#### [WORK INSTRUCTIONS]
Whichever lines of the material contain "Sunglasses", copy each of them.

▼

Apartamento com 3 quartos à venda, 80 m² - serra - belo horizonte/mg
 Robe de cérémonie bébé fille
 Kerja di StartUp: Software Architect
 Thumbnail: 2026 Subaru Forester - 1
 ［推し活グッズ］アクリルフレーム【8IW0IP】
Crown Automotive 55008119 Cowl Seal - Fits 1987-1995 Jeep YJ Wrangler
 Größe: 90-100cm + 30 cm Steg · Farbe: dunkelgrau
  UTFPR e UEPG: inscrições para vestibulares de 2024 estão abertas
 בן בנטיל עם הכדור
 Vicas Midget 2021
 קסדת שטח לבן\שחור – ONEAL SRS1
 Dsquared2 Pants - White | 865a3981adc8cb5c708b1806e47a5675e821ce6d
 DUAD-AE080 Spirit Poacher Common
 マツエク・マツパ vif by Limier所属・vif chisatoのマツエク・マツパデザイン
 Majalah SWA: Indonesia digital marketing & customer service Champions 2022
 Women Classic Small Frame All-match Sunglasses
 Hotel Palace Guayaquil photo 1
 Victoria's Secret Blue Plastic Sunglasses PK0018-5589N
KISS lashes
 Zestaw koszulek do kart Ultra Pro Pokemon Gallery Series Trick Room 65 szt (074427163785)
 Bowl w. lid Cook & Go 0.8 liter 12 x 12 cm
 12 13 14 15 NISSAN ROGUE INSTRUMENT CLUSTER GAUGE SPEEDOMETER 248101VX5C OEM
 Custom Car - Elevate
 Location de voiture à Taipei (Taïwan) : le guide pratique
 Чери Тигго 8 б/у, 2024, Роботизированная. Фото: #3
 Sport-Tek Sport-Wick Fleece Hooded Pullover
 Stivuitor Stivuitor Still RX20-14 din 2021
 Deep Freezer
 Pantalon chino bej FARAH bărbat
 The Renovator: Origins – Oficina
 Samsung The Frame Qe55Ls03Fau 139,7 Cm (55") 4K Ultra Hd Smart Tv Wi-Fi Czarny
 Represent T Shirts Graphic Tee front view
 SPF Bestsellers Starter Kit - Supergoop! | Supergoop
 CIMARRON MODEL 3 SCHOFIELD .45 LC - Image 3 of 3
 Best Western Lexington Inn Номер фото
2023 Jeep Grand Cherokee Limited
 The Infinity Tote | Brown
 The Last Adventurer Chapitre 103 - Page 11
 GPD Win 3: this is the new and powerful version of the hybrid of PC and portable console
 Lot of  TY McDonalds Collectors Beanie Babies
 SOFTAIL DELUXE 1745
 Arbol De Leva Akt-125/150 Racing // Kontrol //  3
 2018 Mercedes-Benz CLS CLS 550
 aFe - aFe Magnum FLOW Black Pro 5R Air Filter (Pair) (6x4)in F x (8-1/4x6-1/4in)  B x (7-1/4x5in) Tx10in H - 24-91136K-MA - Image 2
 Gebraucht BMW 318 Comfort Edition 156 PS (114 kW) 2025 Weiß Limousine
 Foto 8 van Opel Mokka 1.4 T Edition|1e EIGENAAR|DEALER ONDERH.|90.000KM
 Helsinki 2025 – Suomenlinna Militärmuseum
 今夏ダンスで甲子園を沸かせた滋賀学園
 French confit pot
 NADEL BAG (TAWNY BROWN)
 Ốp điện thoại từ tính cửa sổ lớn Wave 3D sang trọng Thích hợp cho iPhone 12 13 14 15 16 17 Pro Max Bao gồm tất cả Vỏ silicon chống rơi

▲

#### [TASK SOLUTION]
 Women Classic Small Frame All-match Sunglasses
 Victoria's Secret Blue Plastic Sunglasses PK0018-5589N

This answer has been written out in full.